What more could they possibly want? Proof that Donald Trump dyes his hair? Evidence that Joe Biden can't remember his Amtrak stop? In the over-milked words of ESPN hosts, "Come on, man!"
Like department store Santas, waiting all year for their time in the spotlight, undecided voters are now center stage. CNN turns to them regularly for post-debate analysis. NBC rounded them up for a town hall with Biden earlier this month. And, if the Commission on Presidential Debates ever succeeds in rescheduling the official Trump-Biden town hall, the Gallup organization will be asked to locate 100 of these rocket scientists to provide the questions.
It's difficult to imagine more ill-suited interrogators and analysts than folks who have witnessed more than three years of the Trump presidency, plus over 18 months of campaigning by Joe Biden, and still self-identify as "uncommitted." Yet, networks gush over them.
Following the last month's presidential debate, CNN asked 14 "undecided" voters who won. One said Biden; two said Trump. And, as you might expect from a group like this, 11 were...undecided. Undaunted, CNN rounded up 10 undecided voters to dissect the debate between Mike Pence and Kamala Harris. Only two of the 10 were able to determine "a clear winner."
Republican pollster Frank Luntz, who somehow manages to be treated in certain corners as an objective journalist, gathered his own group of "undecided voters" to monitor the VP debate. Luntz reported that his viewers favored—wait for it—Mike Pence. As for Harris, "Her reaction-faces are really bothering people," Luntz tweeted mid-debate.
As awkward as it is to spend so much time wringing opinions from undecided voters, it's even less useful to rely on them to ask the questions in so-called town hall events. Even with a standard set-up, last month's Trump-Biden debate, moderated by Chris Wallace of Fox News, was a fiasco. The vice presidential debate, moderated by Susan Page of USA Today was more civil, but Page's solid questions were often sidestepped by Harris and Pence.
If accomplished journalists like Wallace and Page struggle to craft the right questions while keeping order, what sense does it make to rely on nonprofessional audience members?
The town hall approach has been used by the Commission on Presidential Debates since 1996. It is promoted as a means of involving actual voters.
In the 2016 Trump-Clinton debate the very first town hall question was from a voter named Patrice Brock who wondered, "Do you feel you are modeling appropriate and positive behavior for today's youth?" A while later, a fellow named James Carter asked, "Do you believe you can be a devoted president to all the people in the United States?"
An NBC town hall with Biden earlier this month further underscored the weakness of the format. The host, Lester Holt, set the scene by explaining, "we are surrounded by dozens of undecided voters." Yet, according to reporting by The Washington Free Beacon, at least two of the "undecided" questioners at the NBC event had earlier appeared on MSNBC, where they were identified as Biden supporters.

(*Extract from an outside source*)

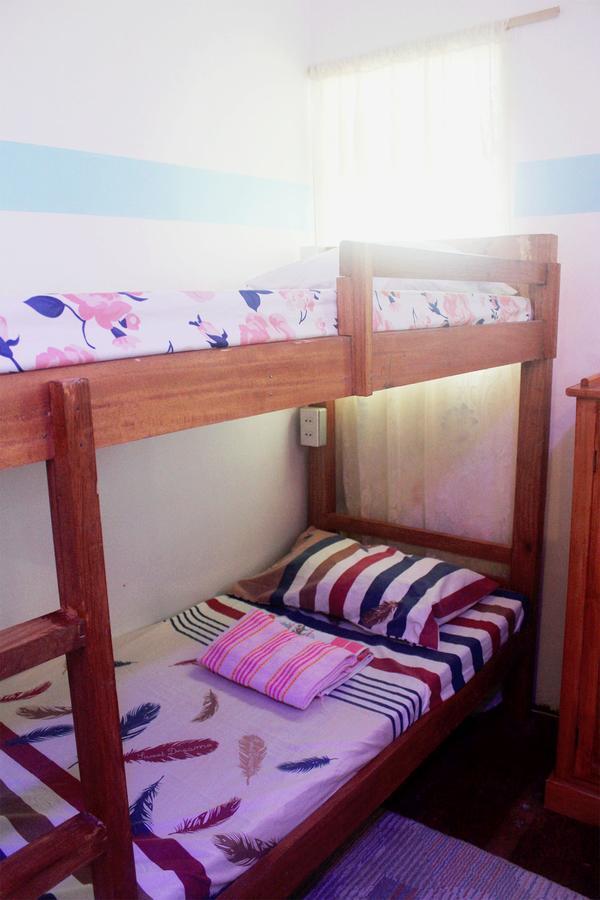 J'S Backpackers Hostel 达沃 外观 照片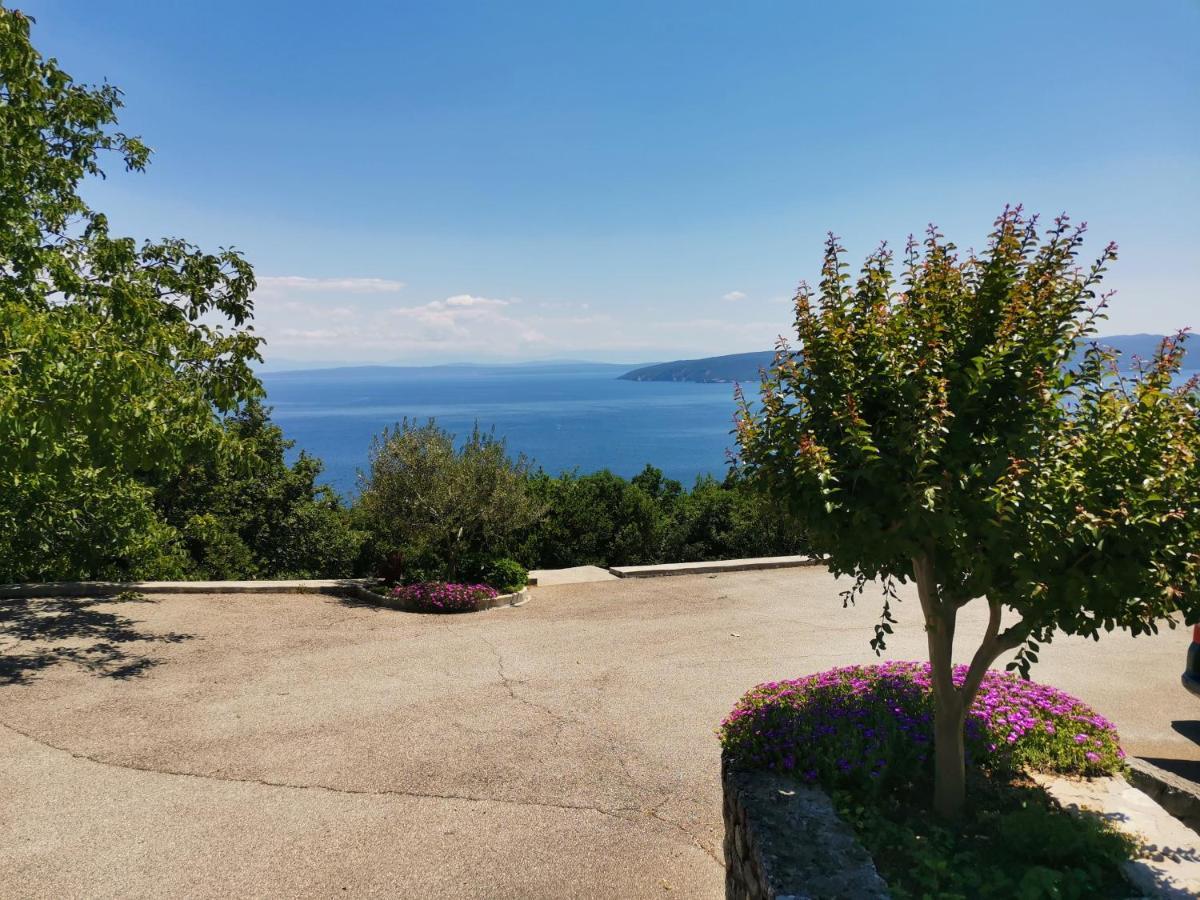 Apartman MARIJETA Moscenicka Draga Bagian luar foto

Of course, it shouldn't really matter who asks a question, as long as it's a good one. But the queries from "real" voters tend to be softballs, with inadequate follow-up.
If voters are to participate in presidential town halls, it would be far better—and less suspicious—to have Trump supporters question Biden, and Biden supporters question the president. At least such an approach would probably spare us questions like the one posed in 2016's debate by an uncommitted gentleman named Karl Becker who said, "Name one positive thing that you respect in one another."
For the record, Clinton said "I respect his children." Trump noted that Clinton "doesn't quit."
The next town hall event will be Biden's solo appearance this Thursday on ABC, and possibly a town hall with Trump on a different network. It's possible that Biden and Trump will participate in a rescheduled CPD town hall the following week.
As for the role of undecided voters, I expect Jerry Seinfeld to tweet: "If you can't pick between Joe Biden and Donald Trump, maybe thinking up a question to ask on national television isn't your biggest problem."